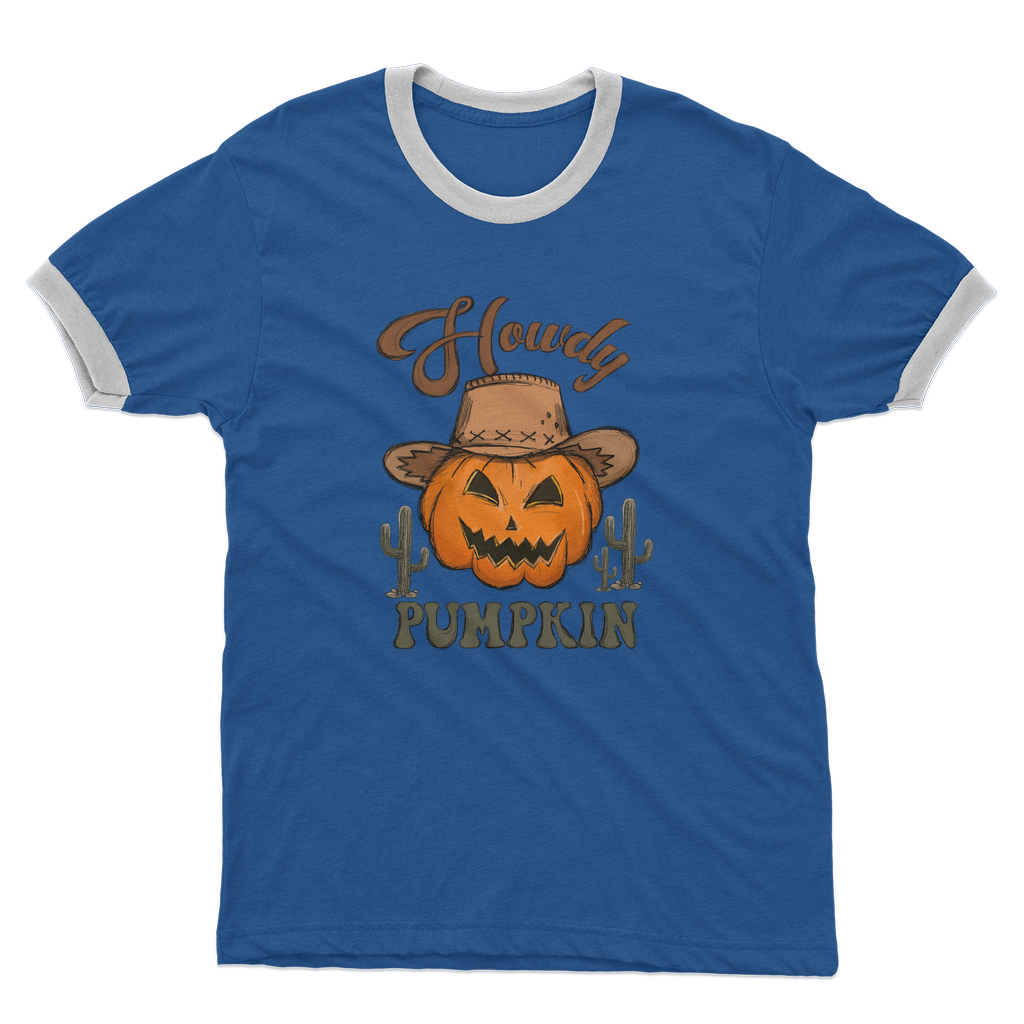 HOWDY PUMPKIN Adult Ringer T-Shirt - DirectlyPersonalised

——————————

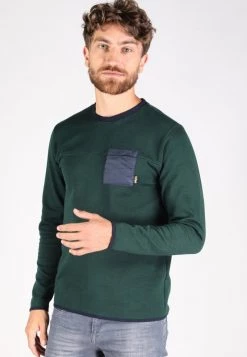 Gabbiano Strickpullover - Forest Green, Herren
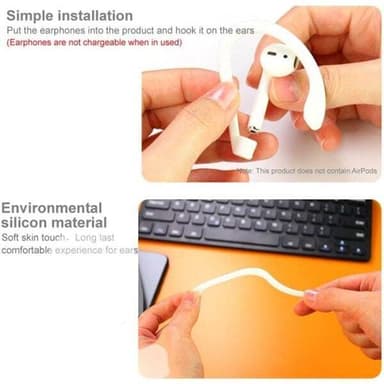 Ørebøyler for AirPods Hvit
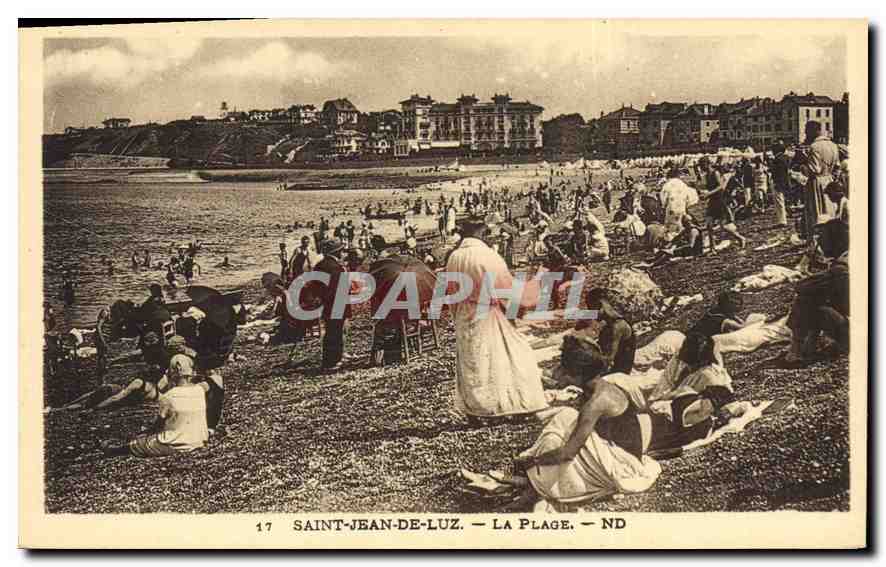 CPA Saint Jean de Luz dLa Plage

——————————

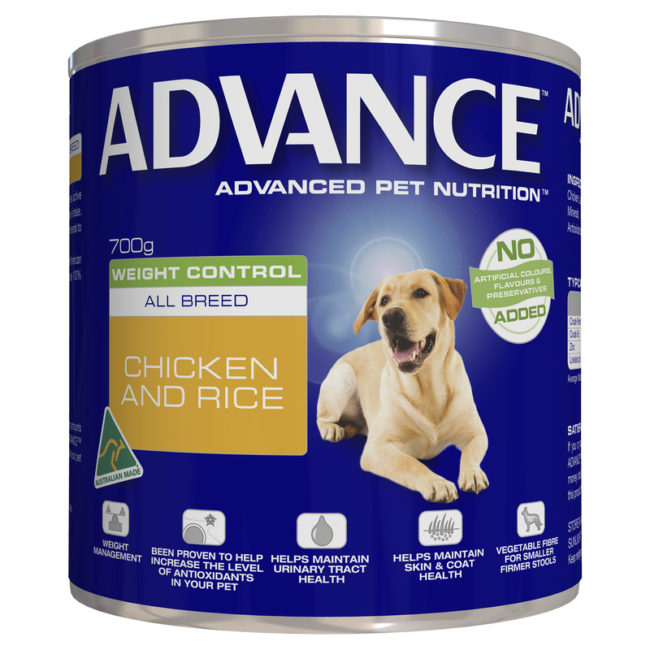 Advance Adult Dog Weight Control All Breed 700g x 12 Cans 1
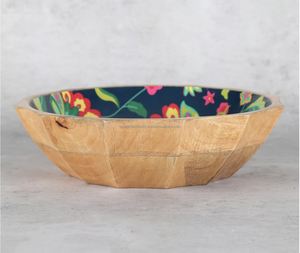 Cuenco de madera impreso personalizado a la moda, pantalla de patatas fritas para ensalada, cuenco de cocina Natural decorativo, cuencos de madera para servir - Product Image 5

——————————

What you are asked to do - Above are the records; restate exactly the lines from the one containing "Ørebøyler for AirPods Hvit" through the one containing "CPA Saint Jean de Luz dLa Plage", keeping pictures out.

Exercise output -
 Ørebøyler for AirPods Hvit
 CPA Saint Jean de Luz dLa Plage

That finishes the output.